その1室で中華料理が並べられた円卓を囲む者達がいる。
「それで、そいつらが組織に属さない希願者というわけか?」
席に座る3人を指差しそう質問するのは石崎鉄男、それは恐怖の王と呼ばれる存在、
「そうです。この3人は奇願したての能力者、だから組織の事も石の事もあまり知らないのです。でも集めたのは全部で4人、その1人は事情があってここには今は入れないのです」
感情のない口調でそう答えるのは群青の悪魔、そして自分が探し出して来た者達を順番に紹介し始める。

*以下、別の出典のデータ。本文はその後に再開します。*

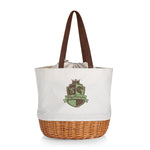 Picnic Time Harry Potter - Coronado Canvas And Willow Basket Tote Gryffindor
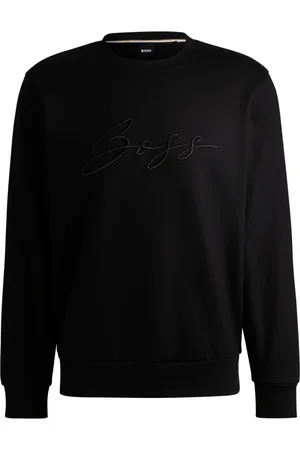 HUGO BOSS Terry Logo Sweatshirt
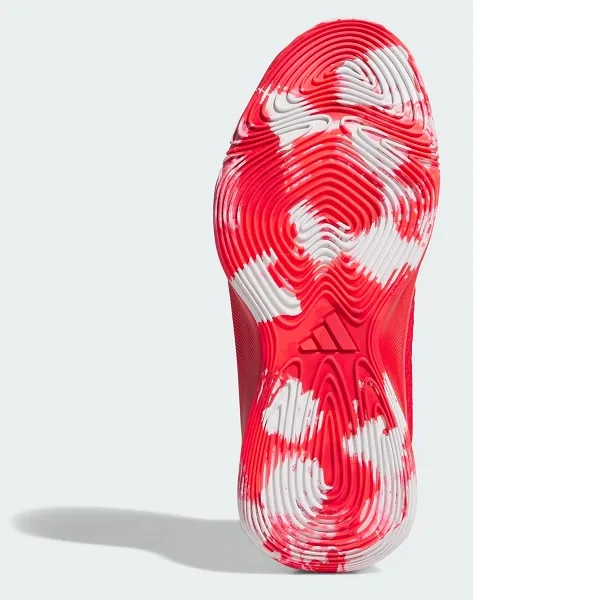נעלי כדורסל לבוגרים 261800 דגם Initiation ADIDAS בצבע אדום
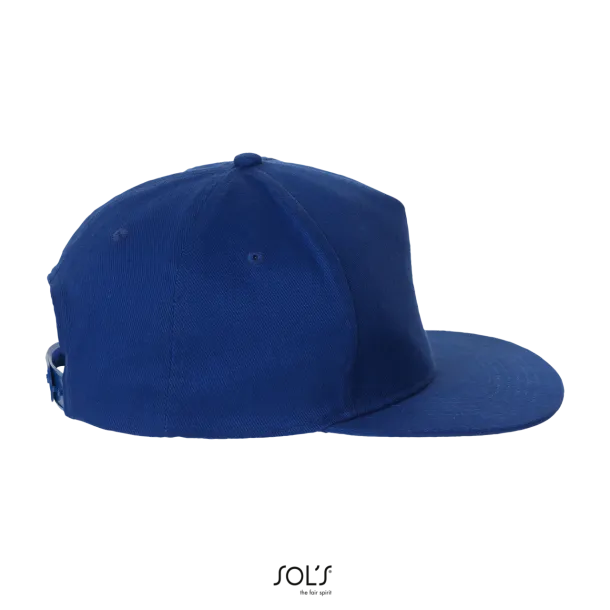 SOL'S SONIC 5-PANEL CAP - SOL'S Royal blue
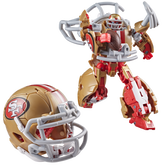 Transformers NFL San Francisco 49ers Goldrush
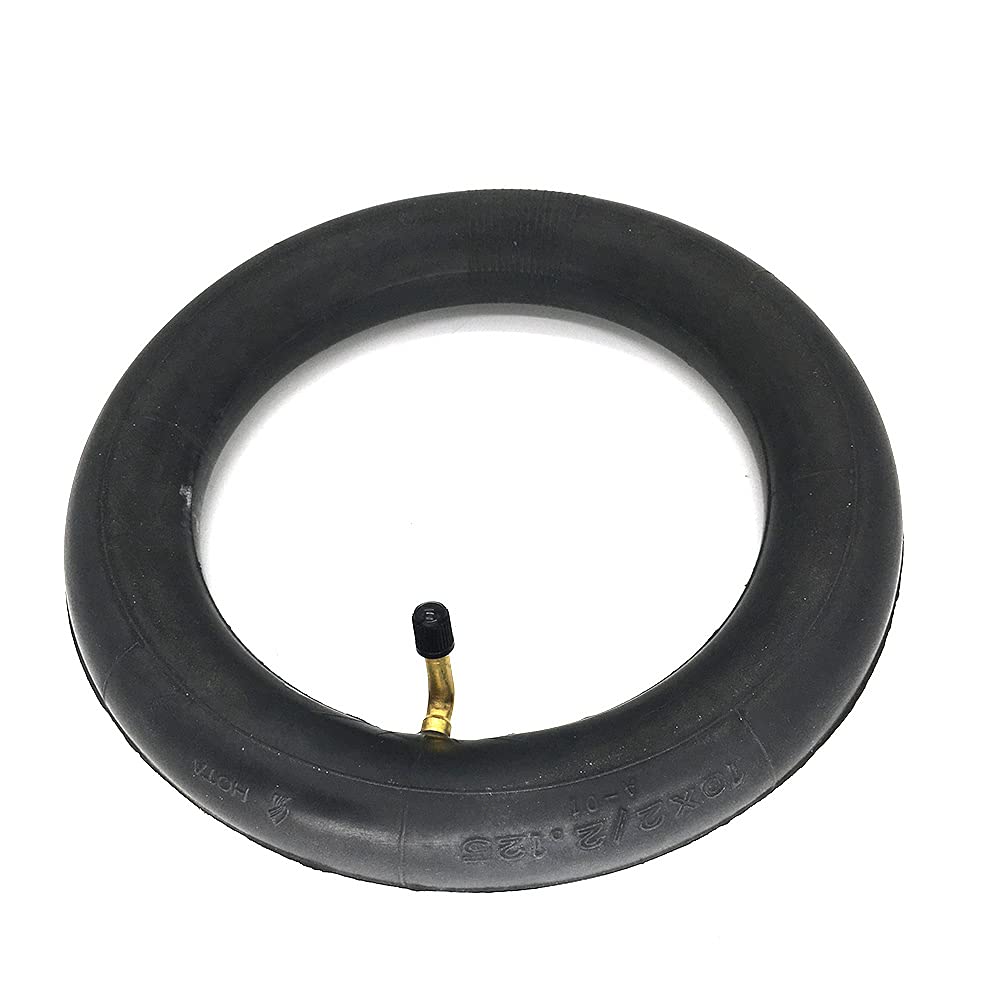 Schubkarrenreifen,Reifen Schubkarre 10-Zoll-Rohrreifen für elektrische Roller-Balancing-Auto 10x2.0 Innenrohr 10x2.125 Butylkautschuk Innenrohrkamera(Straight mouth) von BANGHA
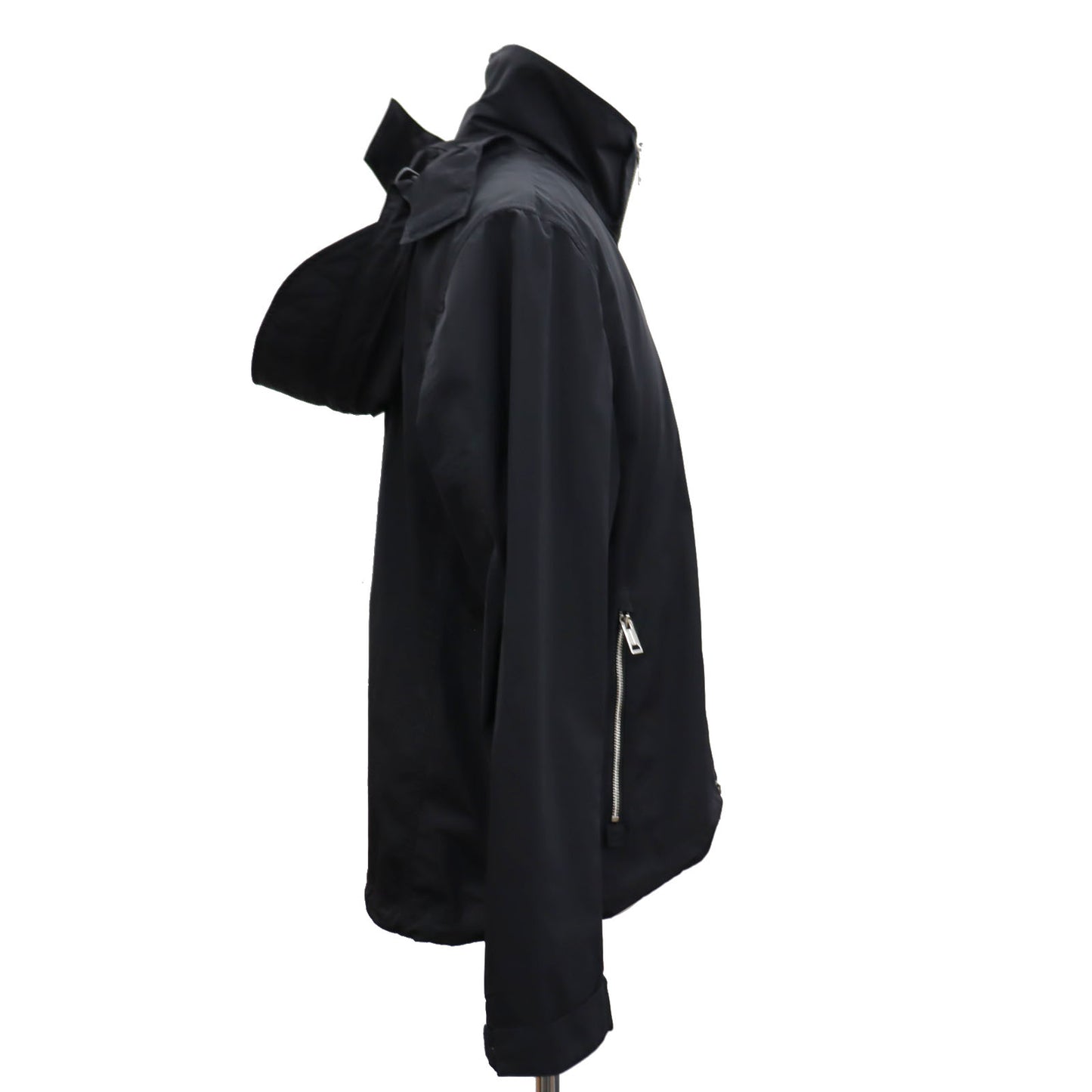 Burberry Jacket Size 52 Black Polyester #AG986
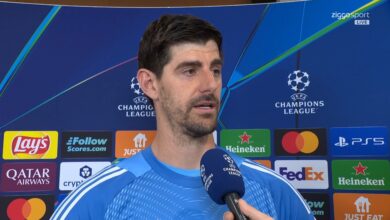 كورتوا يطمئن جمهور ريال مدريد قبل انطلاقة الموسم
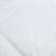 Blanket 172x205 cm, 300 gr/cm, bamboo fiber, microfiber, white color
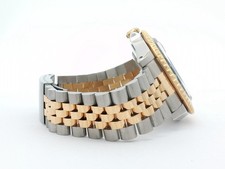 Rolex GMT-Master II Black Dial 18kt Yellow Gold & Stainless Steel Jubilee 16713 8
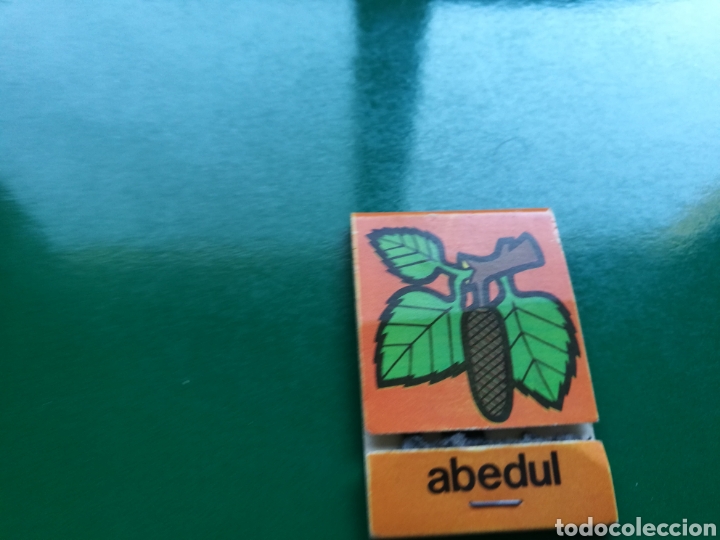 Cajas de cerillas: Caja de cerillas de abedul - Foto 1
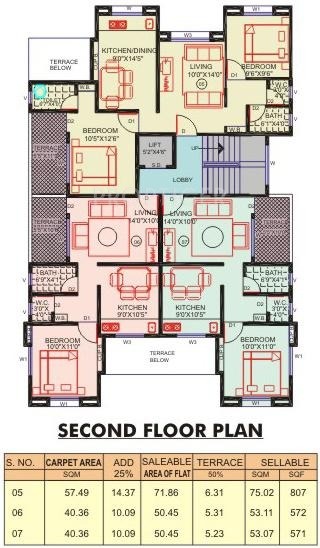Images for Cluster Plan of Acumen Aishwarya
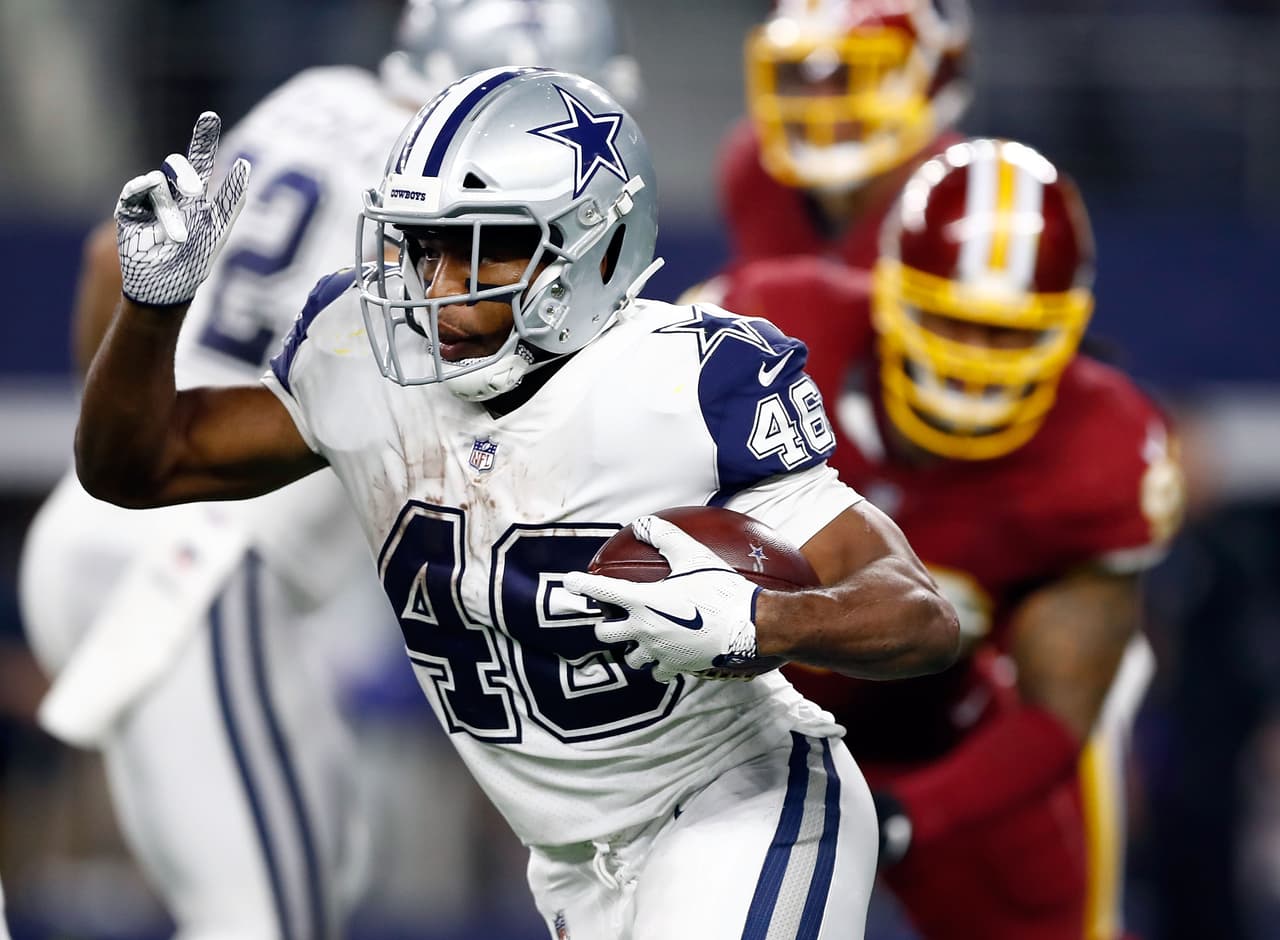Cerramos el conteo con Alfred Morris quien tuvo su mejor actuación en cuatro años y como corredor de los Cowboys. Acumuló 127 yardas en 27 acarreos incluyendo una anotación.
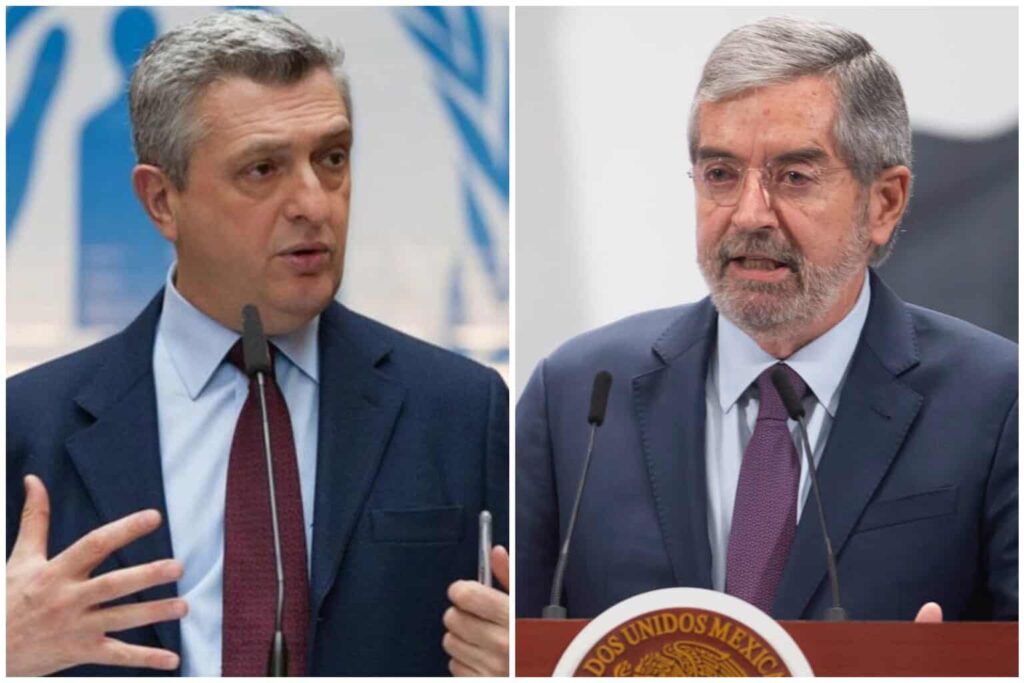 Acnur reconoce políticas de México para proteger a refugiados y desplazados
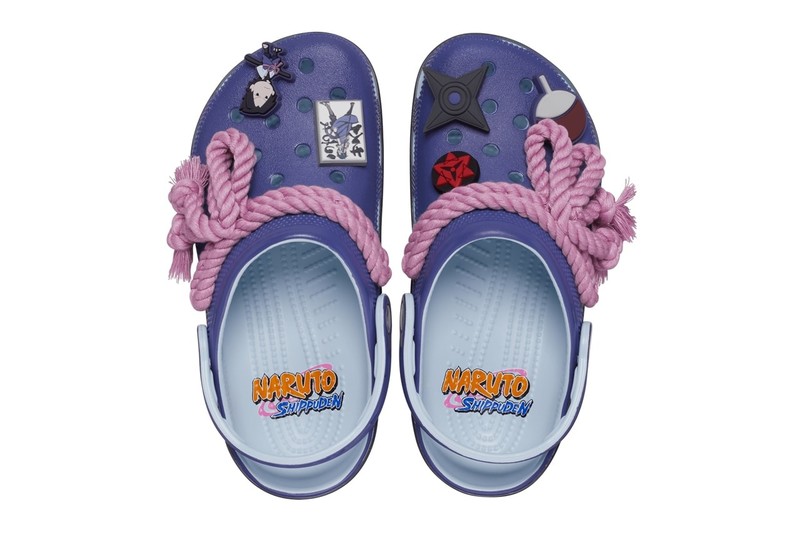 Naruto x Crocs Clog "Sasuke" | 209884 Naruto x Crocs Clog "Sasuke" | 209884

「この娘は暴徒に襲われる中で逃げ惑い絶望しました。その握る石はダークオレンジストーン、悪魔の石ですな、それは虹に支配されないので都合がいいのです。だから連れてきました。そして得た能力は念動力、サイコキネシスの能力者です。それは物質を手を触れることなく動かせる能力、中々便利ですな、それで暴徒を撃退していたのですよ、しかしその能力を得るために歩ける足を失いました。この車椅子に座っているのはそのためです」
その紹介された高校の生服姿の少女は中華料理を食べるのをやめると自己紹介を始める。
「恐怖の王様と言うからいかついおじさんを想像していたんだけど…こんな美形なんてチョー信じられないって感じ、あたしなんだか惚れちゃいそう、あたしは石林良伊子、よいこと言っても見た通りの不良のあばずれ娘、だから仲間達からは悪子と呼ばれていたの、チョー悪いことばかりしていたから、でもあいつらはもう仲間じゃない、こんな脚を怪我させてあたしを置いて逃げやがって、チョー復讐したいって感じ…」
しかしその少女がそれ以上喋るのを手で制して石崎は、
「お前のそのチョー復讐って奴に協力してやるから黙って飯を食え、チョー腹が減ってんだろう?」
その言葉に少女はまたがつがつと料理を食べ始める。
そして無表情の石崎は今度はその少女の隣の席の少年を見つめる。
その料理を食べない無言の厨房着を着た少年を、
「この少年はコック見習いの少年でして、そして厨房でいつもいじめに遭っていたのです。その許にカードが届いた。それに気づいた同僚がカード奪うために殺されかけ絶望したのです。その握る石は青銅の石、それは戦う騎士の石ですな、そして得た能力は武器化と防御、金属を変質させ武器とする。防具とする。こんな小さなナイフでも大剣に変化させる事が出来るのです。そして身につける金属を防具に変える。貴方様の武器と鎧に似ていますね、それで襲い来る同慮たちを皆殺しにしたのです。それで吹っ切れたんでしょう、もう苛められないことに酔い暴徒を殺しまくっているところを捕獲しました。この私の力を見せつけ屈伏させました。更に上がいると教えておかないといけませんからね、まあ忠誠を誓う騎士の石ですから彼はもう私の部下です。あの虹に奪われない限り忠誠を尽すでしょう、その代償に失ったものは味覚、もう味を何も感じられなくなったのです。コック見習いが味音痴とは皮肉ですな」
その無口な少年は上目使いに石崎を見つめる。しかしその眼には怯えの色が浮かんでいる。
「安心しろ、お前を苛めようとは思わない、でもパシリはしてもらう、何の役に立たない奴は飼っておく意味がないからな、お前は恐怖の軍団の幹部になったんだ。だからもっと堂々としていろ、そんな態度だから苛められたりするんだ。これからはお前が虐める方に回るんだ。そんな騎士の石を握っているなら堂々としていろ、そして破壊と恐怖を創り出せ」
その言葉に背筋を伸ばす少年、その怯えの眼があこがれの眼に変わる。そしておずおずと語り始める。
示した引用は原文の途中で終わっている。